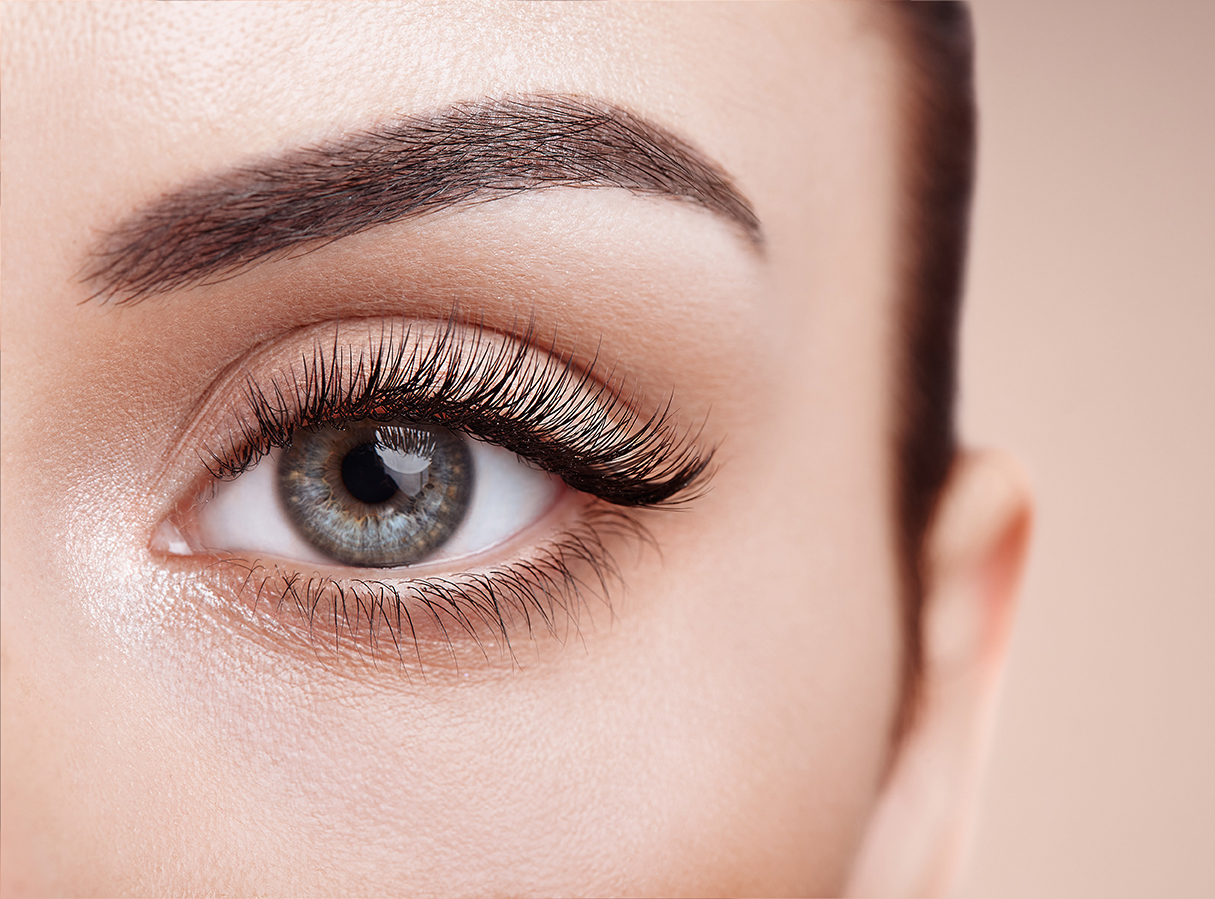 Makeup artist applies skintone. Beautiful woman face. Perfect makeup. Skincare foundation. Sponge makeup artist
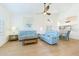 Spacious living area with high ceilings, abundant light, and comfortable furnishings at 6208 Country Club Way, Sarasota, FL 34243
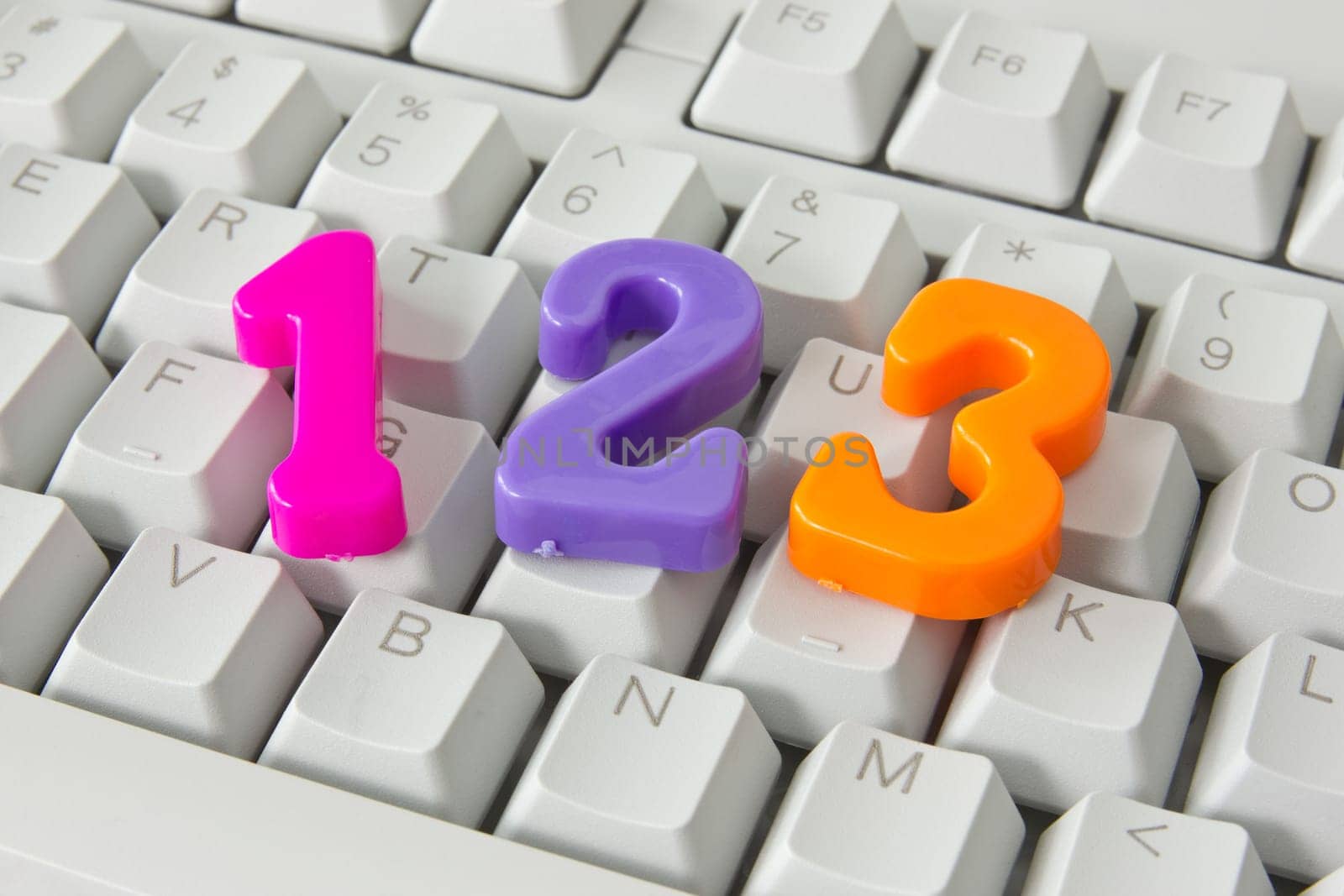 three color plastic numbers on the computer keyboard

*DIRECTIONS FOR THIS TASK:* The material above is to be transcribed exactly, with all pictures omitted.

*ANSWER TO THE PROBLEM:*
 Makeup artist applies skintone. Beautiful woman face. Perfect makeup. Skincare foundation. Sponge makeup artist
 Spacious living area with high ceilings, abundant light, and comfortable furnishings at 6208 Country Club Way, Sarasota, FL 34243
 three color plastic numbers on the computer keyboard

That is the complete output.